Furthermore, the current study results reported that having a chronic illness significantly predicts severe psychological distress among physicians. This finding agrees with previous studies and can be explained by increased worries of being more susceptible to infection and its complications (Kiesly et al. 2020; Luo et al. 2020; Tam et al. 2004; Zhang et al. 2020).

Moreover, the current study described a significant association between living with an elderly family member and the severity of psychological distress. Similarly, it was concluded in previous studies that some HCWs suffering from distress were caring for elderly parents, with high fears to transmit the infection to them as they may be more prone to infection, have more severe disease symptoms, and more complications (Grace et al. 2005; Kiesly et al. 2020; Luo et al. 2020; Tsamakis et al. 2020).
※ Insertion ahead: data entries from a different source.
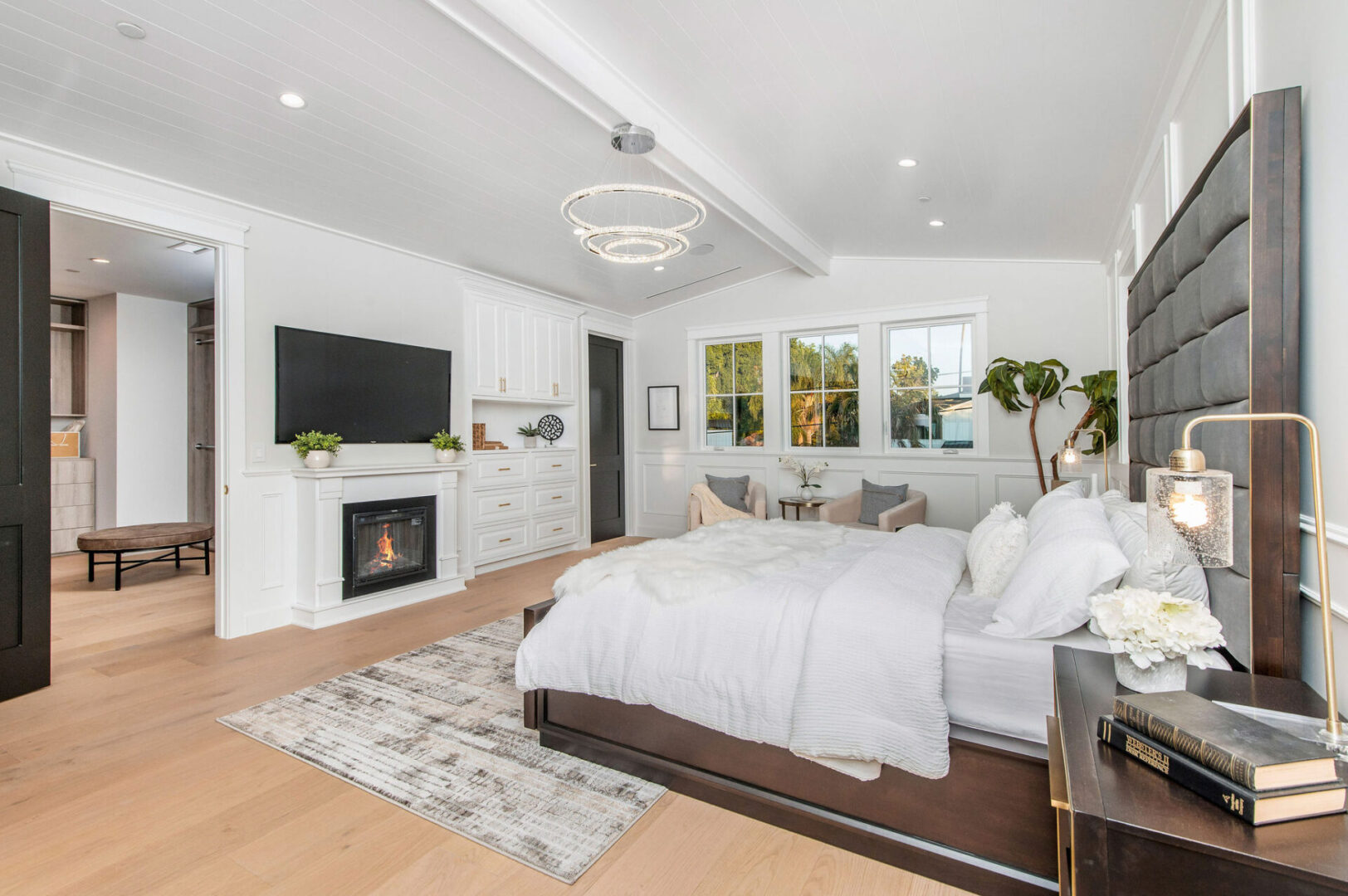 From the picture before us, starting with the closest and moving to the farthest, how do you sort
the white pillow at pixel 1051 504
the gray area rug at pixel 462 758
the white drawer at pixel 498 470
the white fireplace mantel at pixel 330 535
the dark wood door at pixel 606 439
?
the gray area rug at pixel 462 758 < the white pillow at pixel 1051 504 < the white fireplace mantel at pixel 330 535 < the white drawer at pixel 498 470 < the dark wood door at pixel 606 439

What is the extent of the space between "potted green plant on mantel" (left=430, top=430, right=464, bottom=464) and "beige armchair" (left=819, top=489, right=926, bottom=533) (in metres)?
3.05

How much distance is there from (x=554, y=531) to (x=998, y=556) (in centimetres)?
470

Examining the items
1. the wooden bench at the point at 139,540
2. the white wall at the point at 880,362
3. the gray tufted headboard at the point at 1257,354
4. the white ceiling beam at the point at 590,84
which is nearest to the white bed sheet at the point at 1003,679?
the gray tufted headboard at the point at 1257,354

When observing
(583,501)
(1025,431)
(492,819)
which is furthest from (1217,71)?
(583,501)

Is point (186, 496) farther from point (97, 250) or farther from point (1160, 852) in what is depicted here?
point (1160, 852)

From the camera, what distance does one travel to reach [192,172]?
11.4ft

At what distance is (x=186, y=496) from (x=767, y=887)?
746cm

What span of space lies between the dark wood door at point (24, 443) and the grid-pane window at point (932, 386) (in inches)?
231

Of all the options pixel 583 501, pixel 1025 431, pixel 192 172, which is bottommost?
pixel 583 501

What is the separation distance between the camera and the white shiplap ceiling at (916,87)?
2279mm

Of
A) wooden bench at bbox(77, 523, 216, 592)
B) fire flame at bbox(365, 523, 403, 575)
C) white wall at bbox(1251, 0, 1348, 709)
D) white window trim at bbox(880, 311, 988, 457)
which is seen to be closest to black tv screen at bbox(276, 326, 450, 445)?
fire flame at bbox(365, 523, 403, 575)

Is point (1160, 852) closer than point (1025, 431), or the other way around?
point (1160, 852)

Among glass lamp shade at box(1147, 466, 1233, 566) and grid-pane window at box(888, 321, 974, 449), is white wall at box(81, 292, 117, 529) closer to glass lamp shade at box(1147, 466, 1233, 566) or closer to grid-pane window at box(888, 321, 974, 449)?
grid-pane window at box(888, 321, 974, 449)

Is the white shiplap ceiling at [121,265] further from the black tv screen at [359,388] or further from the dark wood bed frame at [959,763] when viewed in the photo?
the dark wood bed frame at [959,763] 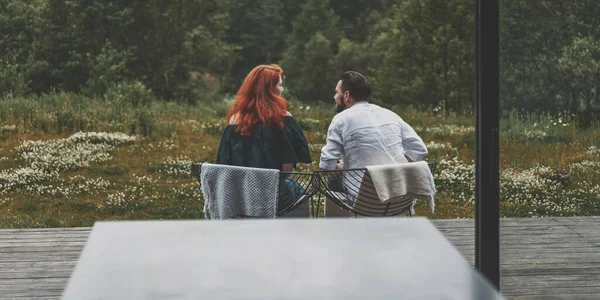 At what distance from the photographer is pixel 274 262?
128cm

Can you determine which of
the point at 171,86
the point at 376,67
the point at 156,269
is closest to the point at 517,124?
the point at 156,269

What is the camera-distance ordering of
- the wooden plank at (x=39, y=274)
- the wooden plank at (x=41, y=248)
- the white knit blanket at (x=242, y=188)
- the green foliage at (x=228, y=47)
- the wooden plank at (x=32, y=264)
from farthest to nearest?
the green foliage at (x=228, y=47) < the wooden plank at (x=41, y=248) < the wooden plank at (x=32, y=264) < the wooden plank at (x=39, y=274) < the white knit blanket at (x=242, y=188)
Also, exposure to infected people, even outside work, is a significant predictor of severe psychological distress in the current study. This exposure carries the same worry of transmitting the infection to loved ones besides getting infected themselves. If such close contact was with an infected family member, the stress is even more (Kang, Li et al. 2020a, b; Kiesly et al. 2020; Ng et al. 2020; Wu et al. 2009).
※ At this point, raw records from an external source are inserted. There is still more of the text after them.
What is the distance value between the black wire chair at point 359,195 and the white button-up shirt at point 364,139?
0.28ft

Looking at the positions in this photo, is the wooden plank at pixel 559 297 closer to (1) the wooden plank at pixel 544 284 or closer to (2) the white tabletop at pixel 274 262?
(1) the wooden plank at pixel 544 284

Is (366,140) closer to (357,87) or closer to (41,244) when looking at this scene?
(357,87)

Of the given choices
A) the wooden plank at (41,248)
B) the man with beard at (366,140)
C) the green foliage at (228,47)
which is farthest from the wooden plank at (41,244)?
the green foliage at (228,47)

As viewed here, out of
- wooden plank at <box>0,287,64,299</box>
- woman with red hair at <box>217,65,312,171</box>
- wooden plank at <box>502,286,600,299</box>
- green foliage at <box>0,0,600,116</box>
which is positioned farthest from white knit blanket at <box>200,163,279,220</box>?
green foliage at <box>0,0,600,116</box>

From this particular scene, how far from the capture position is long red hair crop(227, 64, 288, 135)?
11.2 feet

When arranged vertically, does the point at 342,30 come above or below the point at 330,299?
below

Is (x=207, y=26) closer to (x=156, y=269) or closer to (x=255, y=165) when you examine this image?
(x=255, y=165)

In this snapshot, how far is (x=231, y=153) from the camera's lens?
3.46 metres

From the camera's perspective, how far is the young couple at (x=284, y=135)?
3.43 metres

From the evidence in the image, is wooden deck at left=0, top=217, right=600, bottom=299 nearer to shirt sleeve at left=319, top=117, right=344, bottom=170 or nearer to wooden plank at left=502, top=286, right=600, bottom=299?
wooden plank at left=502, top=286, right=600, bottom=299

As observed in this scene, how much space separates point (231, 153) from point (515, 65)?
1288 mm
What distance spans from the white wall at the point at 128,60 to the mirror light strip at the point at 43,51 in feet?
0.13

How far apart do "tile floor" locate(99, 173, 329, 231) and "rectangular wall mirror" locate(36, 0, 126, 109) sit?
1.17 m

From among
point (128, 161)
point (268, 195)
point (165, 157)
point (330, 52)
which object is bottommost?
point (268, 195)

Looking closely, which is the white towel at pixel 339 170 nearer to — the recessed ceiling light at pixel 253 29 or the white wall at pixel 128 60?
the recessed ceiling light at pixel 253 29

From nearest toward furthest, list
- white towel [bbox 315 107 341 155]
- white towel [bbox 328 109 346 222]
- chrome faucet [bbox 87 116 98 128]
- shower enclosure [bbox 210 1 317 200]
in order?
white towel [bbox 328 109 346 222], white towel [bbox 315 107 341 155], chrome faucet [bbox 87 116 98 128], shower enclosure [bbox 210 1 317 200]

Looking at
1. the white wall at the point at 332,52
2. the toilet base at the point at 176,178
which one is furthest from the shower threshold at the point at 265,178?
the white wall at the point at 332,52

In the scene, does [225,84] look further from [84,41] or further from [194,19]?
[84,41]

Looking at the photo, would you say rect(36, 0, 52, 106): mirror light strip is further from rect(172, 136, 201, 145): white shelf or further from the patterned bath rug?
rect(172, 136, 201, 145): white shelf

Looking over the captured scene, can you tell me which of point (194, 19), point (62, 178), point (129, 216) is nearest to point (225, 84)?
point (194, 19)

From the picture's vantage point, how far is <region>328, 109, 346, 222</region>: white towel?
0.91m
The current study shows that being involved in the direct care of COVID-19 patients (frontline HCWs) is a significant occupational predictor of severe psychological distress. During previous outbreaks and current pandemic, almost all studies pointed out that working in the frontline caring of suspected or confirmed cases is a significant predictor of several psychiatric morbidities and higher levels of psychological distress. Frontline work is naturally demanding, both physically and mentally, with longer working hours, pose a higher risk of getting the infection, and more concern of passing it to households (De Brier et al. 2020; Grace et al. 2005; Kang, Li et al. 2020a, b; Kiesly et al. 2020; Koh et al. 2005; Lai et al. 2020; Maunder 2004; Ng et al. 2020; Que et al. 2020; Zhang et al. 2020).
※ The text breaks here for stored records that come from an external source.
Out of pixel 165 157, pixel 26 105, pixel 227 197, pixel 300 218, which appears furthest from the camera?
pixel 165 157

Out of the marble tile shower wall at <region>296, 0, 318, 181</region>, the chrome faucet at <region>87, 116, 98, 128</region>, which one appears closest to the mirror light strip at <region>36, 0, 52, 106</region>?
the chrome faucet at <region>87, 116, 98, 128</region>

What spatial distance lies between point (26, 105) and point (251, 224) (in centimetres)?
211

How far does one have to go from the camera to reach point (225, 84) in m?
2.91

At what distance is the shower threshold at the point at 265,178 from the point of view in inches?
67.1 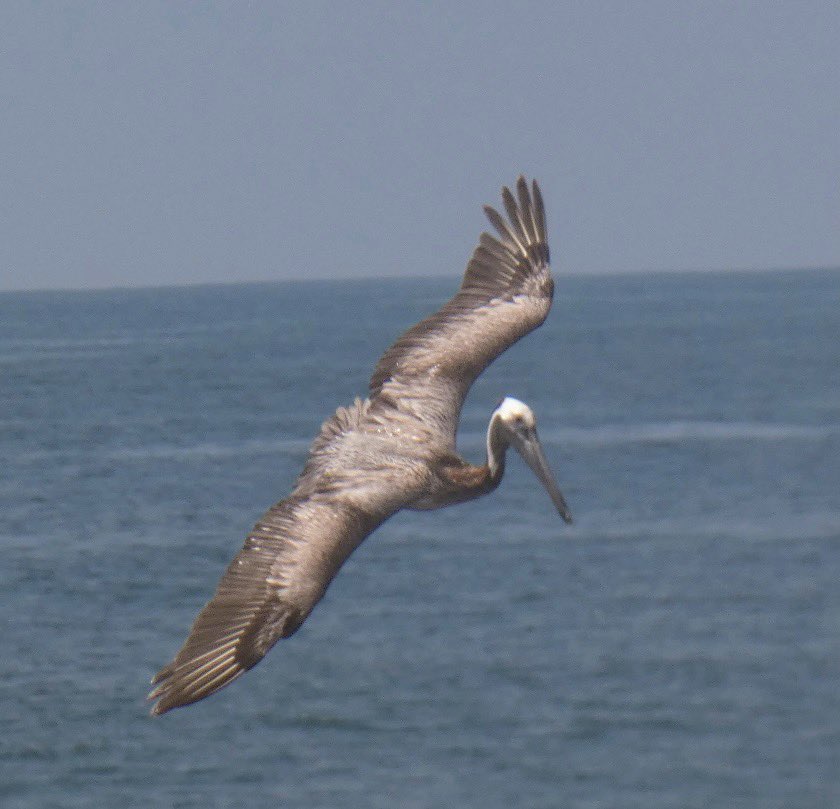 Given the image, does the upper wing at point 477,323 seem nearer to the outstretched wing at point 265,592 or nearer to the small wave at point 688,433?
the outstretched wing at point 265,592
Another finding of the current study is that having less job experience (< 15 years) is a significant occupational predictor of severe psychological distress. Being less experienced or in the middle of a professional career is associated with severe symptoms of psychological distress; meanwhile, more clinical experience gained through work years is one of the factors that decrease the risk of adverse psychological outcomes (Kiesly et al. 2020; Lai et al. 2020; Maunder et al. 2004; Tang et al. 2017).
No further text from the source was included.